When to give up on a regression model

Hey guys, new member so bare with me here =)

Currently I am undertaking a project for my studies. It requires I take some machine condition data as well as the age of the component and try to make a prediction on the remaining life based on these things. (Sorry I can't give exact descriptions due to the nature of the project).

The condition is based off a ranking from 1 to 5, 5 meaning urgent attention is required but not a guaranteed failure and 1 being normal operating conditions but random failure is still possible, the age is in hours.

I have created a regression model with some known failure data, The continuous predictors are the condition score and the current age, the independent variable is time to failure.

Now! I have completed the regression in minitab and have been tweaking and trying to improve the model for over a week, the best I can get is r-sq scores around 15% as well as S score about 3000 hours (expected life is around 24000 hours). Basically at this stage I am ready to give up and move onto something such as Weibull or Cox regression.

Attached is a 3d plot I did in matlab, the surface is the regression equation and the points are the actual values (residuals).. as you can see the model isn't going to be very accurate.. should I give up on regression? Any help is very much appreciated =) Thanks guys.

3d residuals.png


King of all Drama
I take some machine condition data as well as the age of the component and try to make a prediction on the remaining life based on these things.
Not exactly my area but I'm pretty sure this kind of problems are usually better addressed by something like a negative binomial regression or some other type of generalIZED linear model. The regular OLS regression doesn't usually cut it very well.
If it is time to failure it seems more natural to go to Weibull and Cox regression. Look at the Kaplan Meier estimator also.

But please note that the R^2 is not a quality index of your work. It is not very important by the way. Some parts of nature are noisy. That how it is. Some are not so noisy and more predictable.
Yeah, also not my area, but I think you need to move away from OLS and move into survival analysis. I don't think it would make sense to have a linear relation between current age and remaining expected time. I'm trying and failing to imagine what kind of hazard function would result in a linear relation between age and remaining expected time. Actually, human beings might make a nice case. Up until about 60, the "failure rate" is negligible, which means there's a straightforward linear relation between age and life expectancy: each year, you lose a year of life expectancy. Then, the failure rate goes up dramatically and the model breaks down for the tail cases. In fact, we will even get negative life expectancy with simple linear regression.

But if your machines break down more or less at a constant rate instead of all at the end, simple linear regression will fail more spectacularly.

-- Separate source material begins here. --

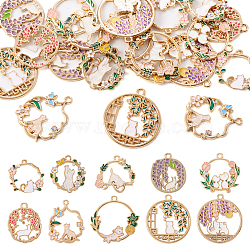 20Pcs 10 Style Alloy Enamel Pendants, with Rhinestone, Golden, Flat Round & Ring with Cat, Mixed Color, 23~30.5x22~28x2mm, Hole: 1.8~2mm, 2pcs/style(ENAM-TA0001-50)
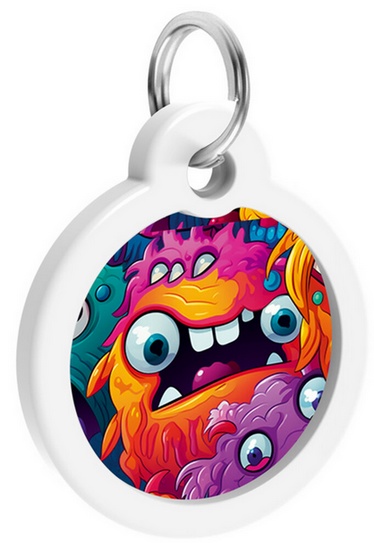 Collar WauDog Smart ID Zawieszka z QR-paszportem okrągła 3cm zębate potwory - obrazek 4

So yeah, I think you need to look at survival analysis methods.
Thanks Junes, the only reason I haven't used survival analysis sooner is because I need to create a model which considers the current operating conditions of the machine as well as the historical failure data. It seems most survival functions/methods I have come across only consider the historical failures & censored data.
I need to look further into Cox regression but my current understanding is that the covariates are binary, either a condition is met or it is not. I will look further into this. Thanks again =)